_GIVEN DATA:_

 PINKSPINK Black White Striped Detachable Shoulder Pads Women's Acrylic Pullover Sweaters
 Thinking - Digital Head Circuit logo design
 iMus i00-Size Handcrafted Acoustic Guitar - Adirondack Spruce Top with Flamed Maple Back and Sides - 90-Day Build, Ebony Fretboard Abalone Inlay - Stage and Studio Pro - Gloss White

==

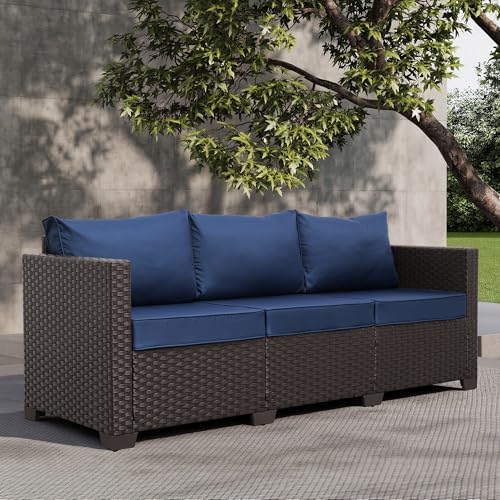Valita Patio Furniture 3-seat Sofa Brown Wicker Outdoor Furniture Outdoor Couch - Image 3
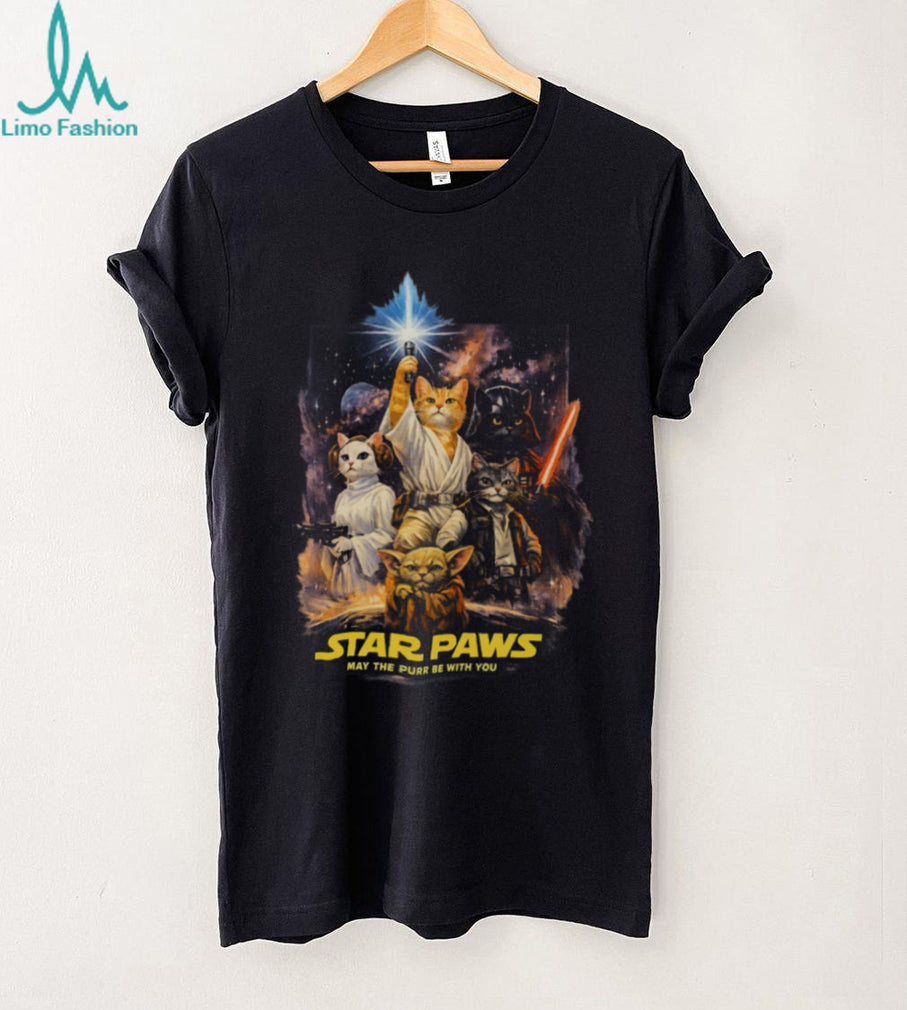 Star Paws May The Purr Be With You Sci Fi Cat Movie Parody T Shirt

==

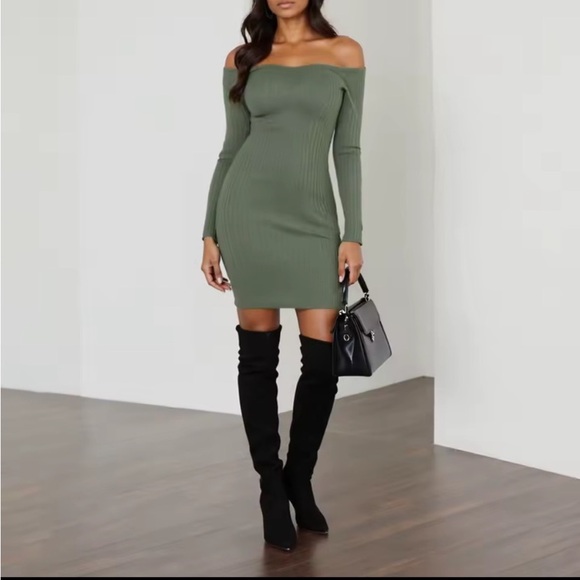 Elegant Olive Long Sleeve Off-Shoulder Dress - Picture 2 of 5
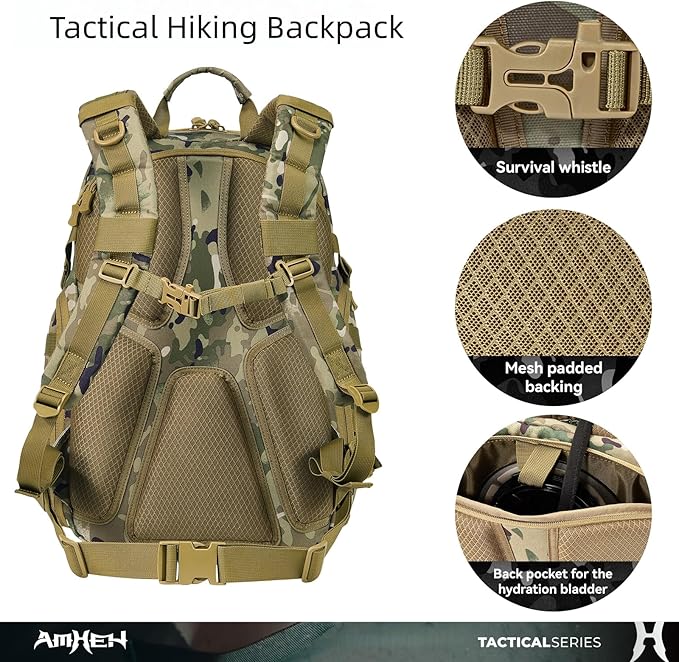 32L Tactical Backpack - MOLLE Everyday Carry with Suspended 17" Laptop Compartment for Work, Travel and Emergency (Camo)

_ASSIGNMENT:_ Every line of the listing that includes "White" must be shown.

_SOLUTION:_
 PINKSPINK Black White Striped Detachable Shoulder Pads Women's Acrylic Pullover Sweaters
 iMus i00-Size Handcrafted Acoustic Guitar - Adirondack Spruce Top with Flamed Maple Back and Sides - 90-Day Build, Ebony Fretboard Abalone Inlay - Stage and Studio Pro - Gloss White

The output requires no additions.